Setting aside the weirdly ‘meta’ facts of this particular episode (an ironic parody of an ironic parody suing its mock target? Trippy. . .), a suit against Viacom for trying to enforce rights it doesn’t have was about as predictable as Stephen Colbert’s insulting the President at last year’s White House Correspondents dinner. Which is to say that once things got rolling, you pretty much knew what was coming.

In the wake of failed negotiations over a prospective licensing deal with YouTube, the corporate giant (Viacom, that is; not Google, which owns YouTube) has not just sued the video-hosting site, but has embarked on a massive takedown notice campaign, reportedly demanding the removal of more than 100,000 allegedly infringing clips. The legal glitch is that the very same provision of the Digital Millenium Copyright Act that prescribes the notification procedure that Viacom is availing itself of--section 512--also says that you really can’t go around sending takedown notices about material that you know doesn’t infringe your copyrights.
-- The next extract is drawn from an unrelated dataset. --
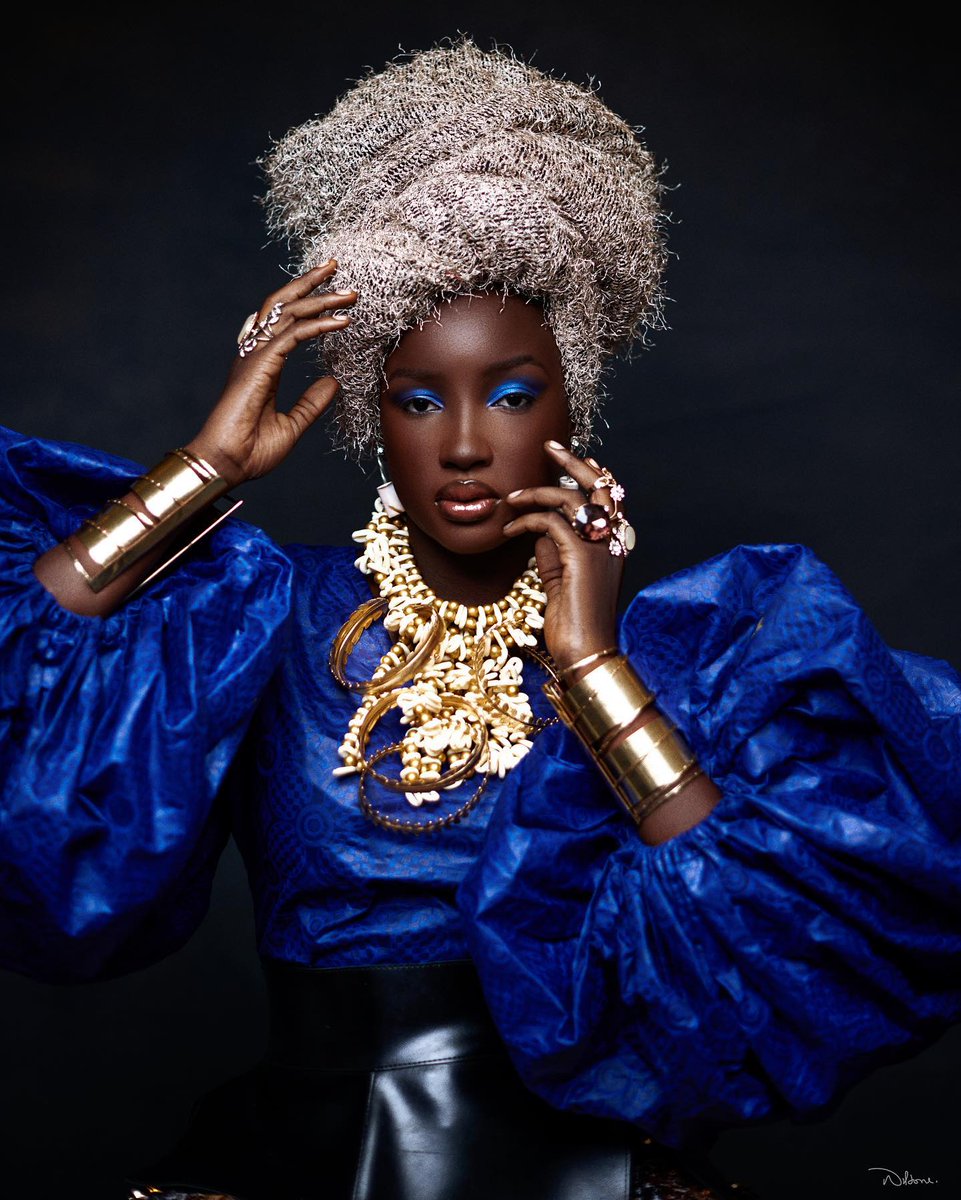 PulseNigeria247's tweet photo. .@OfficialSaskay is art 🤩🤩😍🥰 https://t.co/vW8an673uf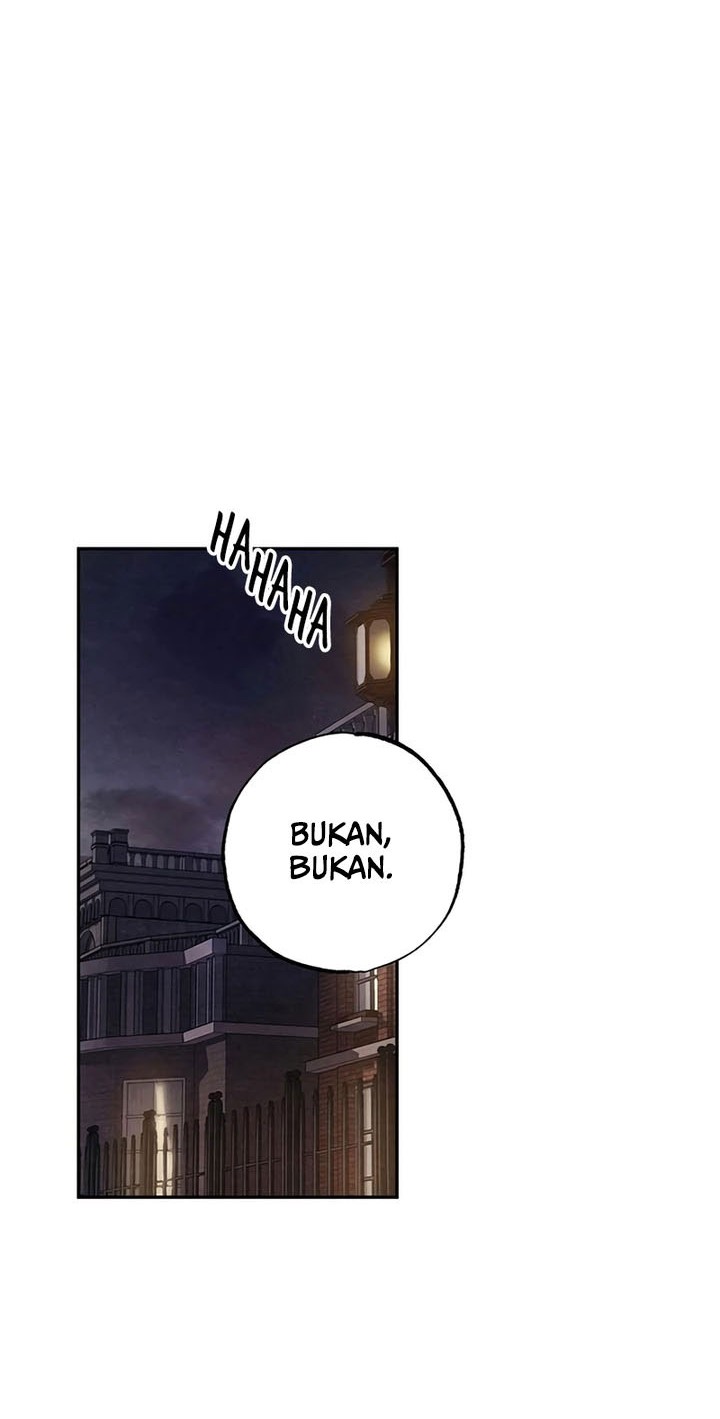 The Black-Haired British Doctor Chapter 10 Gambar 6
There have been a number of reports, however, of clear-cut non-infringers receiving takedown notices from Viacom. In fact, the Electronic Frontier Foundation posted a video about them to YouTube. It came as no surprise, then, to cognoscenti of the DMCA wars to learn last week that EFF had teamed up with Stanford Law School’s Center for Internet and Society to file suit over Viacom’s apparently overzealous enforcement.

What is slightly surprising is that the case they chose is hardly. . . Lincolnish, to borrow a Colbertism. Critics’ concern about unwarranted takedown notices is that attempted enforcement of non-existent rights under copyright law chills legitimate speech. (among other problems). The particular video at issue here, however, is not especially political (despite being made by MoveOn.org), or scholarly, or otherwise characterized by classic indicia of core First Amendment activities. It’s a mock-criticism of a parodic TV show, which extensively borrows clips from the TV show in order to fake its displeasure with the host’s (fake) positions. Yes, the clips are almost certainly fair use--but the whole enterprise vaguely reeks of pointlessness.

The threat of pointlessness, however, seems not to have prevented Viacom from choosing 100,000 takedown notices and a lawsuit over licensing its content to YouTube, which was what started this kerfuffle to begin with. Perhaps, then, the best outcome would be one it would be easy to imagine Mr. Colbert, himself, pronouncing: "DMCA, you are dead to me."